At a raucous lunch, 1,100 Washingtonians squeezed into the Statler Hotel, where Ike feasted on baked chicken, sipped a Coca-Cola, and enjoyed two giant cakes topped by ice sculptures—one of a bald eagle, the other of a four-engine bomber. That night Truman and Ike dined at the White House and bonded over their midwestern roots in Missouri and Kansas. Truman knew what the general would be hankering for: a home-cooked meal.
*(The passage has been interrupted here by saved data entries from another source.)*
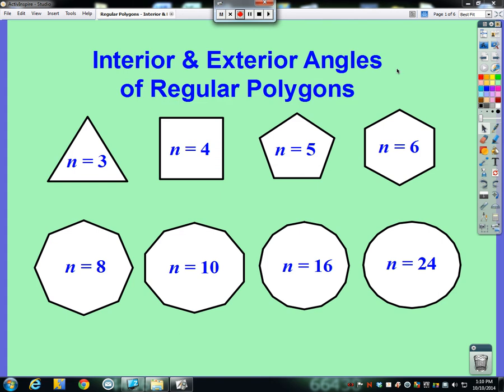Welcome Mathletes! We are going to discuss regular polygons and their interior and exterior angles.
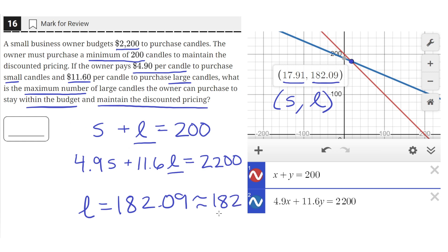So at 182 large candles, we can only afford to get about 17 or 18 small candles, which adds up to the 200-candle minimum. And if you multiply these by their cost, this also meets the budget constraint. So the maximum number of large candles we can buy is 182.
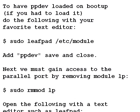To have ppdev loaded on boot up — that is, if you had to load it at all — you need to make a slight change. I am using Debian distributions for most of what I have, which should cover Ubuntu and a lot of other distros. Generally you will have to use a text editor with sudo: sudo leafpad /etc/modules. You will have to add ppdev and save and close.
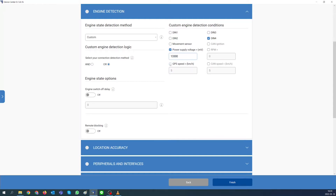Also, we'll select GPS speed to detect ignition on when speed is more than 5 kilometers per hour. So with these settings, we will detect ignition state from one of three selected parameters: when digital input 4 changes its state from 0 to 1, when power supply voltage is more than 13,300 millivolts, and when speed is more than 5 kilometers per hour.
The dinner was overseen by Bess and Vietta Garr and featured a cornucopia of down-home foods, including corn on the cob, perhaps a country ham, and Ozark apple pudding. Harry and Ike dug in like two farmhands at a “simple and homey…community supper in Missouri,” said an aide.
In 1950, Truman named Eisenhower the commander of NATO forces and two years later urged the general to run as a Democrat. But Ike remained a Republican and defeated the Democratic governor of Illinois, Adlai E. Stevenson. Tensions flared between Truman and Eisenhower, and at Ike’s inauguration the two got into a spat over protocol: what sort of hat to wear (Truman favored a top hat; Eisenhower insisted on a homburg); where they should officially greet, inside or outside the White House; who would sit where on their drive to the Capitol. The goodwill they had created over sweet Ozark apple pudding had soured, irreparably.